31 May 2008 0:07
Comment on this post
If you manage, write, visit, or otherwise have anything to do with a web app that connects to a SQL Server database, good guy and Microsoft Program Manager Buck Woody wants you to read this:
[copied with permission from here]
You might have read recently that there have been ongoing SQL injection attacks against vulnerable web applications occurring over the last few months. These attacks have received recurring attention in the press as they pop up in various geographies around the world. These attacks do not leverage any SQL Server vulnerabilities or any un-patched vulnerabilities in any Microsoft product – the attack vector is vulnerable custom applications. In fact, SQL Injection is a coding issue that can attack any database system, so it’s a good idea to learn how to defend against them.
In order to help you respond to and defend yourself from these attacks, Microsoft has an authoritative blog including talking points and guidance. You can find this at this Technet location. (Retype the underlying URL if you like. I only linked it this way because it wrapped.)
Ok, if you didn’t visit the Technet link, visit it before reading on.
Thanks. Now I’ll add another bit of advice:
There’s a non-SQL injection issue here as well. The risk in question starts when a web application incorporates part of the URL into SQL and executes it blindly (SQL injection), but the risk to end users only occurs because the web app commits “HTML
injection.” The web app unwittingly delivers a malicious bit of HTML that says “Hey browser, please run a script from this other web site.” That malicious bit of HTML won’t be sent to my browser if the web application doesn’t blindly incorporate table data (especially table data containing HTML tags) into the HTML pages it delivers.
Here’s an analogy. When you fill a prescription, you get instructions like “Take one pill twice a day for seven days.” Those instructions probably get printed out of some database. If the instructions say “Chew up all the pills and wash them down with a cup of bleach,” something’s wrong with the pharmacy’s database. Something’s also wrong with the pharmacy for not catching the bogus instructions before dispensing the prescription. And if you follow the instructions, something’s wrong with you.
The risk Buck is drawing our attention to is like this, and the Technet blog tells us to secure our database. Just as importantly, we should pay attention to what we dispense, and not just assume that if we’re dispensing our data, it’s good data. Browsers often render (and in the case of scripts, execute) whatever a trusted site sends them, and if trusted sites send HTML out without vetting it, well, they shouldn’t be trusted. If you’re a web developer and you want your site to be trusted, then vet what you deliver.
I don’t do web apps, but I don’t think a responsible web app should send me script tags that refer to third-party sites. In fact, the web app probably shouldn’t send me any table data without scrubbing it for tags, non-printing ASCII characters, etc.
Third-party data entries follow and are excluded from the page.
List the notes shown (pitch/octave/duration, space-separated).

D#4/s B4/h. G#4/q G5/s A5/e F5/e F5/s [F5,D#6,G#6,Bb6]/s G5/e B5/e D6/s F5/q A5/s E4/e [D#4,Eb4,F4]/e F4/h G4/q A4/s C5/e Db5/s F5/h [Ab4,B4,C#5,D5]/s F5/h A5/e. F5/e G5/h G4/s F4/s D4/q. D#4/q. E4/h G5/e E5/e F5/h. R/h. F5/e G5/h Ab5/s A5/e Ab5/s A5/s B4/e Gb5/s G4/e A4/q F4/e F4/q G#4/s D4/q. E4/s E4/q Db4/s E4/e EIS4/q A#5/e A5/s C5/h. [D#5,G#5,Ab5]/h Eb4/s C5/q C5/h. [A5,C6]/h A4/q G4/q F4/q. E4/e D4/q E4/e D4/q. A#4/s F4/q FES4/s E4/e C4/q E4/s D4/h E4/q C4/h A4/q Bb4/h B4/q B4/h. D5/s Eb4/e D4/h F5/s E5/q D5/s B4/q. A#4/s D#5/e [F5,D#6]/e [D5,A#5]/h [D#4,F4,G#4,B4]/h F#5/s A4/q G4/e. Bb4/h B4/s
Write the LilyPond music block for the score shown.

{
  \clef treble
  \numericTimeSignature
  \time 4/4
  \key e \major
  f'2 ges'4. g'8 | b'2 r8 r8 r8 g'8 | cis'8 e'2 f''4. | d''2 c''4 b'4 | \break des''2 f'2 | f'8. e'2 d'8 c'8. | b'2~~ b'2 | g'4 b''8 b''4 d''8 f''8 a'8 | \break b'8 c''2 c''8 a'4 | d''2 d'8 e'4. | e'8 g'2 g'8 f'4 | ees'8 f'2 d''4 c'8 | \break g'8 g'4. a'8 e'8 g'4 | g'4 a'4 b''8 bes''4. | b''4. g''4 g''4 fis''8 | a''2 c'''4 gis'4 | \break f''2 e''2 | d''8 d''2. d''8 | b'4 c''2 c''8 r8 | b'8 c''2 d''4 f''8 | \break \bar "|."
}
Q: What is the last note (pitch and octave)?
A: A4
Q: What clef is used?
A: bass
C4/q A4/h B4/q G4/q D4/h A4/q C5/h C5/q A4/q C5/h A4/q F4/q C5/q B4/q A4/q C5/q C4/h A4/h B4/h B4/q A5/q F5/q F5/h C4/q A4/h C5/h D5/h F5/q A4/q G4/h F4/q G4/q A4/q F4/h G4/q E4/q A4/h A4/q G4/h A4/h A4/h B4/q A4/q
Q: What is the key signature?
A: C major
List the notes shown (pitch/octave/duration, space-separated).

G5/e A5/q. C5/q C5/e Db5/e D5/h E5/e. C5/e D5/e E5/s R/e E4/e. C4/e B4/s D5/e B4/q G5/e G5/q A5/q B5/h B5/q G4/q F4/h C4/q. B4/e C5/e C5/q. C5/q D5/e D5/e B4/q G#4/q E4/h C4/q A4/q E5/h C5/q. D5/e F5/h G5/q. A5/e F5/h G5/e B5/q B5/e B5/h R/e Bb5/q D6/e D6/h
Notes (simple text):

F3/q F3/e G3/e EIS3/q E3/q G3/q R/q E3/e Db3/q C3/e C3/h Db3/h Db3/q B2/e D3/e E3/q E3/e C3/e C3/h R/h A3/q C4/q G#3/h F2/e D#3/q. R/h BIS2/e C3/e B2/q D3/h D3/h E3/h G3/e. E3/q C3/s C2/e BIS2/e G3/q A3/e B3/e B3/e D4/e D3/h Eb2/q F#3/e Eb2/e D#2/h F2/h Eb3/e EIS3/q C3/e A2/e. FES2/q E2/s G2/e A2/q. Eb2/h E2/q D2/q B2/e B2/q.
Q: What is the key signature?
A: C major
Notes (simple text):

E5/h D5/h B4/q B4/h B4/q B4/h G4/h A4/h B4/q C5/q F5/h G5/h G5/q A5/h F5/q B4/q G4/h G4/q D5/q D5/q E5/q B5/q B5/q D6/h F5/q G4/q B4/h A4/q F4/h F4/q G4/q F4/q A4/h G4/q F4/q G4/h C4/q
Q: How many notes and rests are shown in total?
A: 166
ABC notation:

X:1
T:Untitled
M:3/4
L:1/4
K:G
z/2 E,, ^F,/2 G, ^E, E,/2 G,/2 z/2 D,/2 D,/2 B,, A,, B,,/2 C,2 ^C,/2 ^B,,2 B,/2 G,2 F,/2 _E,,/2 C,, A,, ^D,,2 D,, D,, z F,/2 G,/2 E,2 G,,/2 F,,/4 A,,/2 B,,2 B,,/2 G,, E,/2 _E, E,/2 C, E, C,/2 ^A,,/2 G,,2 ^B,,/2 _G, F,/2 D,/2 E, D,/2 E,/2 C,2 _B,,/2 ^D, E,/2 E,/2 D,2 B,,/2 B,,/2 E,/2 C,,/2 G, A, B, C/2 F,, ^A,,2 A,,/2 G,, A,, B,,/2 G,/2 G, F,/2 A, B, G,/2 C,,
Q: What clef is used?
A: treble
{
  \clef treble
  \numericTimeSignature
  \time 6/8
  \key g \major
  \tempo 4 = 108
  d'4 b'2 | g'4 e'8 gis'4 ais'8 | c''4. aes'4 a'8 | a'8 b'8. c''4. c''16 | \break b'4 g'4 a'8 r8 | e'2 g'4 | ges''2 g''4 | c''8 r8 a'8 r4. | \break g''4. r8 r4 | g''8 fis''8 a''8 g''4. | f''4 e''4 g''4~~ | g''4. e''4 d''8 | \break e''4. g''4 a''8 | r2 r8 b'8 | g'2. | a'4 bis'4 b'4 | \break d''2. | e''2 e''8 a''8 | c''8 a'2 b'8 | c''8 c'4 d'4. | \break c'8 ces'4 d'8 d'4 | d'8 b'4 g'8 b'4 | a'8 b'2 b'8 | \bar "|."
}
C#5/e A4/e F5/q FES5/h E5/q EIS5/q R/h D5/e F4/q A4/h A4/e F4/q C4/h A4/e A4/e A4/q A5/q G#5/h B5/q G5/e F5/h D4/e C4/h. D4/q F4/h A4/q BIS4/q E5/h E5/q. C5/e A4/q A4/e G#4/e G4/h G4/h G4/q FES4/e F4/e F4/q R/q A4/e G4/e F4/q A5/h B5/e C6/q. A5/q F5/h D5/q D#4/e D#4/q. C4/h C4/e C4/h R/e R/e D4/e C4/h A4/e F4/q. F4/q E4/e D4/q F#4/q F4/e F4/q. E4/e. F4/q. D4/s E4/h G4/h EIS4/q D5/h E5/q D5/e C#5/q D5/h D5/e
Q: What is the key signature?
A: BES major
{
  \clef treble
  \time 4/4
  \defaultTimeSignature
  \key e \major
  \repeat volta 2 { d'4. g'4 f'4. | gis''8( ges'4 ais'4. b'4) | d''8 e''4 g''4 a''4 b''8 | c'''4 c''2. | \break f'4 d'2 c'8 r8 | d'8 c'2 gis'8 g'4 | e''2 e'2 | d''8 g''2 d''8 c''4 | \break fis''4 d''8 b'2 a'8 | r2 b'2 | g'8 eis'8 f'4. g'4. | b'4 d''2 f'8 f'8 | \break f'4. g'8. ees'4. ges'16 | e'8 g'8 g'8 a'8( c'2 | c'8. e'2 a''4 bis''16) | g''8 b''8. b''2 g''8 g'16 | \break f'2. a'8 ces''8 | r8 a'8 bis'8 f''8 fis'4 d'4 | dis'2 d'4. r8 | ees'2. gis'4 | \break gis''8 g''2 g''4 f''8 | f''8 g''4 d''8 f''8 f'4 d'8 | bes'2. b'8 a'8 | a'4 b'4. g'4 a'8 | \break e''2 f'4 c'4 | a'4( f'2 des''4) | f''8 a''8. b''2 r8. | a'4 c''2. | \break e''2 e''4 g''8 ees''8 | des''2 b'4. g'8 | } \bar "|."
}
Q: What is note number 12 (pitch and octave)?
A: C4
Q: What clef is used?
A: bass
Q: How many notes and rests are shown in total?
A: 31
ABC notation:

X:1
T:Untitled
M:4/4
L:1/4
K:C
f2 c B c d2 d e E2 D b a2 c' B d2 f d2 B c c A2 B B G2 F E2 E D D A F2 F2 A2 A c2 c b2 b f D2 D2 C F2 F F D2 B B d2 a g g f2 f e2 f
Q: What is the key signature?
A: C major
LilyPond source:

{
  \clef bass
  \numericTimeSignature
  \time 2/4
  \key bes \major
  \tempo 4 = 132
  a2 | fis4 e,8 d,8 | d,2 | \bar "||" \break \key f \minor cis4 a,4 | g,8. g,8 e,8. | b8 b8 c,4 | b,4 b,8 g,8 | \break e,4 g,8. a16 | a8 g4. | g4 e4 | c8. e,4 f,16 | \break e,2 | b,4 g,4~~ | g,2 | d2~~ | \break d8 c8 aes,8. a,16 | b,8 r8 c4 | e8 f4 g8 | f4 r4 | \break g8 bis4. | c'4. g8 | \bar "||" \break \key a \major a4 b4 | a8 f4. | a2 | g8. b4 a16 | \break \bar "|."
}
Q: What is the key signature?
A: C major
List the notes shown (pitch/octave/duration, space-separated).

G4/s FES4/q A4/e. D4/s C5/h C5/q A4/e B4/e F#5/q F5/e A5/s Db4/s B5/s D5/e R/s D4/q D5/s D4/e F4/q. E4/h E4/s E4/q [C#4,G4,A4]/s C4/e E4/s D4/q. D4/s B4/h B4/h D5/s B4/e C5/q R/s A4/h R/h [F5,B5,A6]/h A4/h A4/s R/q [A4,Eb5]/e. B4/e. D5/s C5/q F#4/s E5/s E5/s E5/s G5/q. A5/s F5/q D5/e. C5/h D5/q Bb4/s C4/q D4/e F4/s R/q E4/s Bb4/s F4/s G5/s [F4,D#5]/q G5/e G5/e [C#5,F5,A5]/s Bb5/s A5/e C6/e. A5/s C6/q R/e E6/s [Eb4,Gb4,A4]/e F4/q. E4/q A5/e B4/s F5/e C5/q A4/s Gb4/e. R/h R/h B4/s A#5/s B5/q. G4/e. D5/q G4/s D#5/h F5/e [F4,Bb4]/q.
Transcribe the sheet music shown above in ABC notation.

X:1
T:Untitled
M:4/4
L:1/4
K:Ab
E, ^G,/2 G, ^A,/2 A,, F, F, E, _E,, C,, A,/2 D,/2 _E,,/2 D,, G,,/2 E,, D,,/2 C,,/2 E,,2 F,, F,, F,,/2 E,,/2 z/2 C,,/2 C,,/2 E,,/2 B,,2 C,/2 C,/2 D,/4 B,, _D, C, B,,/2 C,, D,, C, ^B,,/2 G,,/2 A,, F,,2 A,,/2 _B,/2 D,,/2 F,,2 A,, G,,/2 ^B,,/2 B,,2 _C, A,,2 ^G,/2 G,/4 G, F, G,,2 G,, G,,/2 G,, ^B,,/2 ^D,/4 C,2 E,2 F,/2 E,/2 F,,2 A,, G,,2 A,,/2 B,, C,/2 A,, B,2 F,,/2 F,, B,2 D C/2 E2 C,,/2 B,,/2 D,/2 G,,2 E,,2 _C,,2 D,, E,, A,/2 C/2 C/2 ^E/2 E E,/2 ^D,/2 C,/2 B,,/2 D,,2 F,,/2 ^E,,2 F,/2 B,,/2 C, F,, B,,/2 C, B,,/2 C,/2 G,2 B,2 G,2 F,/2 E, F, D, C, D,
Many years ago, we thought it was funny to email people BEL characters, and then someone figured out email shouldn’t be allowed to contain BEL. Years ago bulletin boards figured out they shouldn’t allow users to put any old HTML into their posts.
The threat then was still minor – jokers figured out they could mess up some bulletin board formatting by posting opening tags without closing them. Apparently this was only half fixed. Web apps typically scrub what comes in through the expected channels, but a lot of web apps (most?) apparently don’t scrub the HTML they send out. They should. In fact, they must, now that the bad guys have figured out how to exploit sloppy web apps to modify table data bypassing the expected route. The bad guys may soon find some more sloppy code and exploit it to mess with your data.
Just as it’s possible to scrub outgoing email for viruses, it should be possible (and routine) to scrub outgoing HTML for malicious content. While I don’t trust email attachments that have a “no viruses” sticker on them, and I wouldn’t trust a random site that tells me “this web page is safe,” I would trust Microsoft or another trustworthy source if they told me their web servers scrub all outgoing web pages for unexpected script tags.